Buchtipp: Power von der Eastside

Protestdemonstration wegen der Abschaltung des JUgendradios DT 64 vom UKW-Netz , Berlin-Prenzlauerberg am 28. Juni 1992
Foto: Toni Nemes

Die Geburtsstunde des Jugendradios DT64 schlug beim „Deutschlandtreffen der Jugend“, einer von der Freien Deutschen Jugend der DDR ausgerichteten gesamtdeutschen Pfingstveranstaltung im Jahre 1964. Hervorgegangen war der Sender aus dem Jugendstudio „DT64“ des Berliner Rundfunks. Drei Jahre nach dem Mauerbau sollten der Jugend ein paar kulturelle Zugeständnisse gemacht, den aufmüpfigen Klängen der frühen Beat-Ära im Westen eine eigenständige, aber konventionelle sozialistische Alternative entgegengestellt werden.

Powervon der Eastside! Foto: Ventil Verlag

Den DDR-Oberen war DT64 von Anfang an nicht geheuer. Bereits ein Jahr nach der Gründung monierte der damalige Vorsitzende des FDJ-Zentralrats Erich Honecker auf dem 11. Plenum des ZK der SED, den „Erscheinungen der amerikanischen Unmoral und Dekadenz“ werde „nicht offen entgegengetreten“, der Sender propagiere „einseitig die Beatmusik“. In der Folgezeit, so berichtet Jörg Wagner, Ende der 80er Jahre selbst DT64-Moderator und seit 30 Jahren Macher des Radio-Eins-Medienmagazins vom RBB, bestand das „Tagesgeschäft“ vor allem im „Aushandeln der Freiräume mit der Jugendorganisation FDJ und den SED-Agitatoren, die das Jugendprogramm als ihr Eigen verstanden“.

Diese und andere Episoden der spannenden Geschichte des Kultradios lassen sich in der soeben publizierten erweiterten Neuauflage des 1993 erschienenen und schnell vergriffenen Bands „DT64 – Das Buch zum Jugendradio 1964-1993“ nachlesen.
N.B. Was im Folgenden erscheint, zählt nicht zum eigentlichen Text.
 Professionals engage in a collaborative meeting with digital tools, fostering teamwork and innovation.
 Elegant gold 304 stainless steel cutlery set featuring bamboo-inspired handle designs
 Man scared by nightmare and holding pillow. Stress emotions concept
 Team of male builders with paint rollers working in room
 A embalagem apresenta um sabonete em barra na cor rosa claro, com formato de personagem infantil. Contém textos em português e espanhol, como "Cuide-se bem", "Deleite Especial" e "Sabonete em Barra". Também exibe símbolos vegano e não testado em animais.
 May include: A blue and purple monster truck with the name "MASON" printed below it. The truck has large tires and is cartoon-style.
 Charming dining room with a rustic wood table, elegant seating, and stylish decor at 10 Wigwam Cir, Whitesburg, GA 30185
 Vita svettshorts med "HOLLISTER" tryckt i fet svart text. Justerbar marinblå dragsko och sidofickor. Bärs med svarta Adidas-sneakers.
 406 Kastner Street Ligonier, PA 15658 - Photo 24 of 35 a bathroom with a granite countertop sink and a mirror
Er versammelt auf 382 Seiten mehr als 30 Einzelbeiträge von Macher*innen und Sympathisant*innen der ersten Stunde, in denen die wesentlichen Kapitel der DT64-Geschichte rekapituliert werden.

Abwicklung ab 1991

Nach der Wende setzten sich die phantasielosen Verfechter einer ausnahmslosen Übernahme westdeutscher Medienstrukturen auch beim Jugendradio durch. Daran konnte auch die beispiellose Rettungskampagne der Hörerschaft nichts ändern. Die Abwicklung erfolgte etappenweise ab Ende 1991  – Abschaltung in Mecklenburg-Vorpommern und Berlin Brandenburg, Umzug zum Mitteldeutschen Rundfunk, Reichweitenschwund durch Verlagerung von UKW über Mittelwelle zum Satelliten.   Ironie der Mediengeschichte: Mit DT64 traf es ausgerechnet den Sender, der die gesellschaftliche Wende im Äther schon früh am radikalsten vollzogen hatte.  Mehr noch: „Der Sender hatte sich nicht nur selbst reformiert, DT64 wurde auch schnell zum ersten ost-westdeutschen Medium“, resümiert Mitherausgeber Heiko Hilker.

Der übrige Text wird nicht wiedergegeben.